My Lords, I beg to ask the question standing on the Order Paper in my name.

[The question was as follows:

To ask His Majesty's Government the reasons which have led them to withdraw the support for a Genocide Convention which they had previously given at the General Assembly of the United Nations on December 11, 1946, and to inquire whether the Government consider these reasons sufficient to prevent their joining with the United States and thirty-eight member nations in supporting the Convention at the meeting of the Economic and Social Council of the United Nations in February.]


My Lords, there has been no fundamental change of attitude on the part of His Majesty's Government, who regard the crime of genocide with as much detestation as ever. Admittedly, their support was given in December, 1946, to the conception of an International Convention on Genocide; and a draft of such a Convention was in due course prepared by the United Nations Secretariat. A study of this draft, however, convinced His Majesty's Government that any such Convention would inevitably prove to be a difficult and highly controversial document, to which many Governments might be unable to adhere.
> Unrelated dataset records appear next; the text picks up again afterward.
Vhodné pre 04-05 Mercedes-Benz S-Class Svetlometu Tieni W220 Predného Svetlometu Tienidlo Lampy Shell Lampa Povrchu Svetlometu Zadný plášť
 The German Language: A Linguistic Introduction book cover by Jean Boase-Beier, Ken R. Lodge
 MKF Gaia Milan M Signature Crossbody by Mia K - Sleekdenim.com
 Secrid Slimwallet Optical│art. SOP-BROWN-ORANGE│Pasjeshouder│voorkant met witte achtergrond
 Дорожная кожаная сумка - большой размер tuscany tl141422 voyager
In those circumstances His Majesty's Government formed the opinion that such an abortive Convention might weaken, rather than strengthen, the principle which it set out to establish, and might throw doubt on the proposition, at present universally accepted, that genocide is an international crime. At the second session of the General Assembly last autumn, therefore, the United Kingdom delegation expressed the view that a better approach would be for the Assembly to confine itself to a resolution that genocide was a crime entailing national and international responsibilities, and to refer the question of a Convention to the International Law Commission, which is to be elected at the Assembly meeting later this year, for further study. This Commission, His Majesty's Government feel, would conduct its work on genocide in connexion with the codification of the relevant decisions of the Nuremberg tribunal, another task which it has to perform. Many problems of racial and other animosities manifested against individuals and groups, which the original draft Convention sought to cover, are in the view of His Majesty's Government more properly the concern of the Human Rights Commission which operates under the Economic and Social Council of the United Nations.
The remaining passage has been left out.